ただ大事なのは、そっちにいったらダメだとわかっているのにいってしまう状況を納得してもらえるように作ることです。視聴者が『絶対ありえない』と思ってしまうようでは、制作側がそうしたいからそうしているだけと思われて、物語から気持ちが離れてしまいます。それでは本末転倒なので、間違ってしまうことの説得力には気を配りました」(保坂さん)
保坂さんは、インタビュー中も絶えず、上田さんに「どう?」と意見を求めていた。脚本作りのときもこんなふうに、複数の脚本家がいて、一人でも納得がいかないという意見があったら、とことん話し合ってすり合わせたのだろう。

この展開は絶対ありえないと考える人が1人でもいたら、立ち止まって、全員が納得するまで考えたという。

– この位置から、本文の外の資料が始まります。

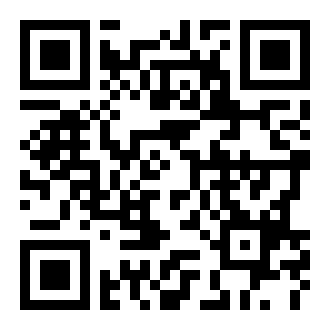 星成短视频app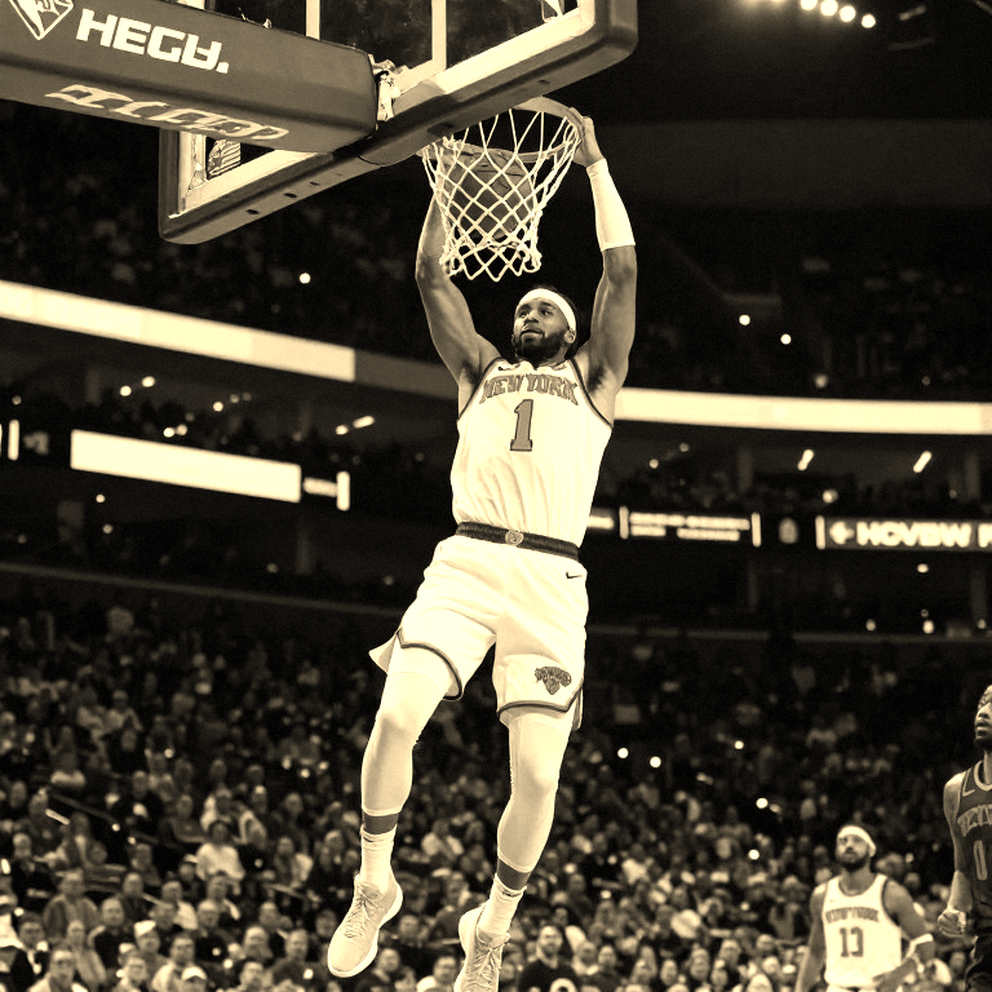 Vũ điệu 'Gấu nhảy' tại Athens: Tham vọng tái lập đế chế Panathinaikos và giấc mơ Kevin Durant Vũ điệu 'Gấu nhảy' tại Athens: Tham vọng tái lập đế chế Panathinaikos và giấc mơ Kevin Durant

「共同脚本と聞いて、皆さん、複数の脚本家がいるから脚本作りが早くできるであろうと勘違いされるのですが、そうではないんです」と保坂さん。決して合理性や時短を目的にしたものではないのだ。
「より多くのアイデアをもとに、1人では書けない面白い物語を作りたいから4人体制でやっていたわけで、作る大変さが軽減されるわけでも出来上がる時間が短くなるわけでもないんです。むしろ収斂する作業については、多くの意見が飛び交う分、より大変だということを実際にやってみて認識しました」
2倍大変になった
さらに、上田さんが「合理性ということでいえば、限られた時間と予算をどこに注ぐ判断をするか。今回はそれが、脚本家の才能発掘と脚本開発だったということです」と付け加えた。
「視聴者の方により大きな満足感を得てもらうために、さまざまなアプローチがあると思います。大規模な海外ロケやVFXに注力するということも、もちろんあります。
でも今回は番組制作の最初期の段階、つまり脚本開発の時点でいかに明確な方針を共有して企画を立ち上げていけるかが重要と考え、そこに従来にないかたちで投資しました。地味ですが、そうした根幹の底上げが最終的なクオリティの向上につながると考えたんです。